# BMW F11 Auxiliary Heating Temperature sensor faulty



## Joonaz (Feb 5, 2019)

Hello Bimmerfest,

I have a problem with my new F11 10/2010!

I have run a test by Ista D and the fault list is - 8011E5 Auxiliary Heating: Temperature sensor faulty

I have deleted the fault list and unlocked the Independent heater. After that i run a test on the heater by the tester Ista D. After that i go to the menu in the CIC and activate the heater and set the time. After er few second, my Heating system starts but after a short time, it's turn off again.

I make a test with ista, and it cames with the Temperature sensor faulty..

Where did i find the sensor and changed it, so my Heating system could work fine??

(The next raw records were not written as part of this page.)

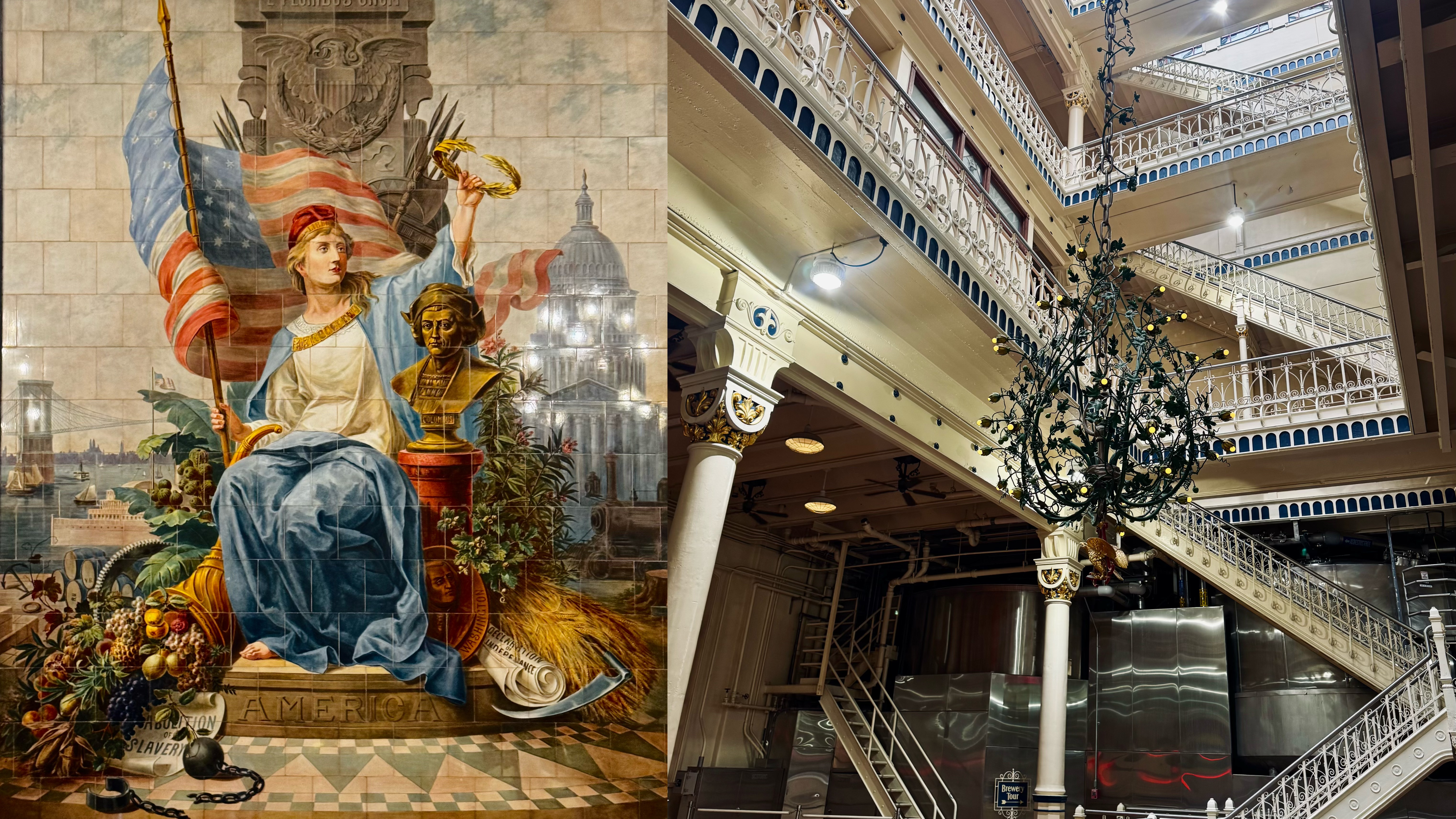 The beautiful Anheuser-Busch Brewery in the periphary of St Louis downtown — clearly, Mr Busch got the wolrd fair chandelier as a souvenir then.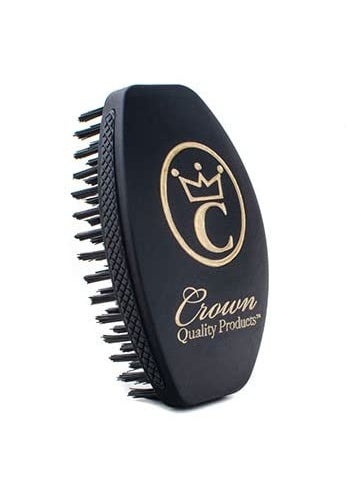 Crown Quality Products - NEW 360 Wave Brush 20  Matte Black Metallic Gold Logo  Hard Flex Bristles  Wet Dry Technology  Non Slip Grip Hairbrush  by Crown Quality Products  The Ultimate 360 Wave Brush - Image 1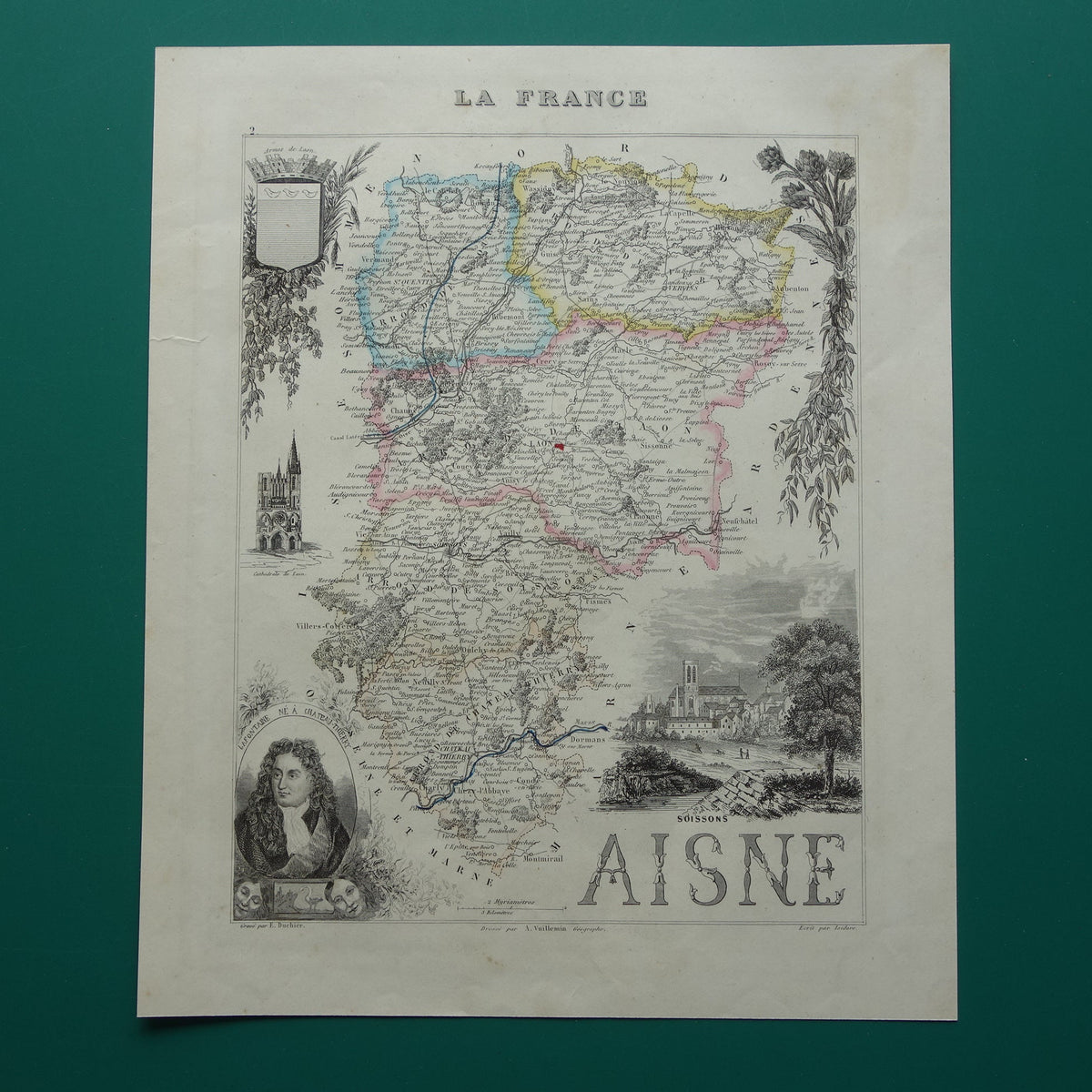 Oude kaart AISNE departement Frankrijk uit 1856 originele antieke handgekleurde landkaart Laon Soissons Saint-Quentin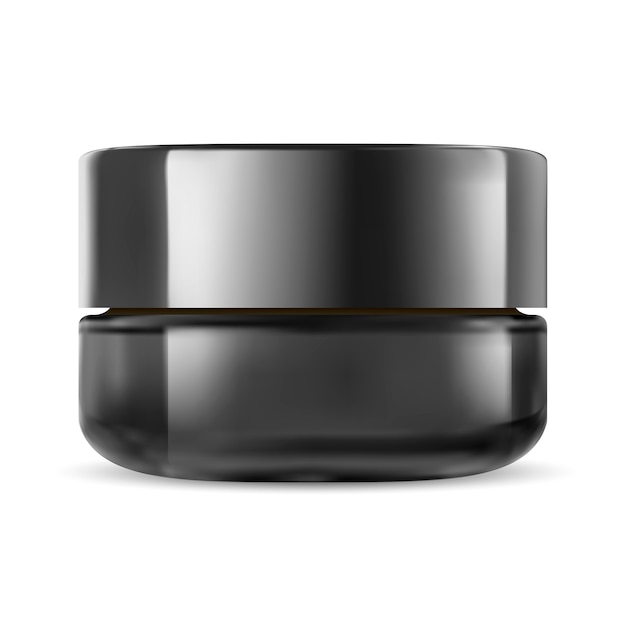 Download Black cosmetic jar. glass cream packaging mockup | Premium ...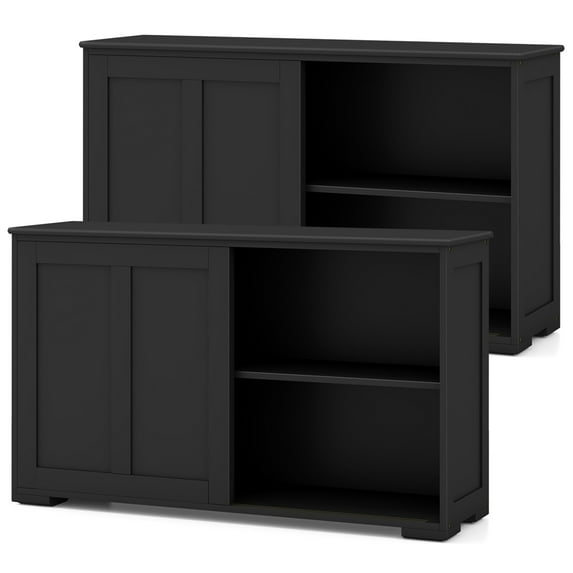 Costway Stackable Buffet Sideboard Set of 2 with Sliding Doors & Adjustable Shelf Black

Locking forward to hear from you.

Joonaz









Sent from my iPhone using Bimmerfest mobile app


----------



## Doug Huffman (Apr 25, 2015)

Your glow plug control module is in trouble too, and that can cause expensive problems.


----------



## Joonaz (Feb 5, 2019)

Thank you. My plan is to change the glow plug module. 

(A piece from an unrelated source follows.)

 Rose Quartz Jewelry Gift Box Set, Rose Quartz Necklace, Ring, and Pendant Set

Sent from my iPhone using Bimmerfest


----------



## carstenlubbe (11 mo ago)

Joonaz said:


> Hello Bimmerfest,
> 
> I have a problem with my new F11 10/2010!
> 
> ...


Hi Joonaz


Joonaz said:


> Hello Bimmerfest,
> 
> I have a problem with my new F11 10/2010!
> 
> ...


hej Joonaz
har samme problem med min nu , fandt du fejlen på dit fyr ?
hilsen Carsten


----------



## Joonaz (Feb 5, 2019)

Hej Carsten, 

Nej fik aldrig kommet til bunds i det inden bil øen var solgt..


----------